O meu pai tem um quadro, na parede da cozinha, por cima do lava-loiças, que mostra uma señorita espanhola toda empoada. Tem mesmo. Leva-me a ver o quadro e ficamos ambos a apreciá-lo. «As pessoas pensam que ela deve estar nua, debaixo daquilo, mas aposto que tem alguma coisa vestida», diz ele.
Uma vez, guiou-me numa visita a todas as suas paredes. Todas as suas paredes estão cobertas por quadros e gravuras. Recortes de revistas de uma ponta a outra das paredes. Cada quadro ou recorte é um ponto de vista. Como se nos debruçássemos de várias janelas sobre paisagens emaranhadas. Observo os quadros. Uma queda de água com rochas verdadeiras coladas em primeiro plano. Rochas que achou que ficavam bem no quadro. Um cão branco com um peixe verde na boca. Cactus Saguaro ao pôr do sol, recortados de uma Arizona Highways de 1954. Um orangotango cor de laranja brincando com os órgãos genitais. Uma esquadrilha de bombardeiros B-52 em pleno voo. Uma colagem de rostos salpicada de manchas de gordura.

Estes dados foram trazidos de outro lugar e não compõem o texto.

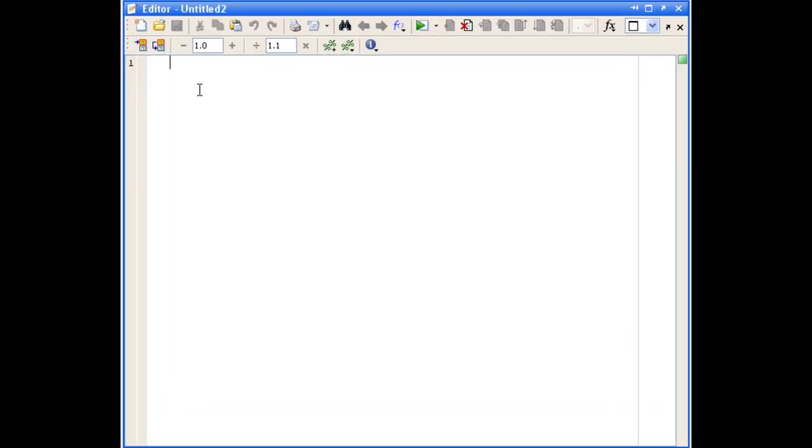The first thing we do when creating a function M file is put the function definition line at the top of the file, so MATLAB knows that it's a function we're writing and not, for example, a script.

O meu pai tem uma colecção de beatas numa lata de café Yutan. Compro-lhe um maço de Old Golds mas nem lhe toca. Continua a vasculhar tabaco nas beatas e enrola tudo o que encontra, em cima de um saco de mercearia, de forma a não perder o mais ínfimo bocadinho. Olha desdenhosamente para o meu maço de cigarros, vermelhos e brancos e enrolados na fábrica.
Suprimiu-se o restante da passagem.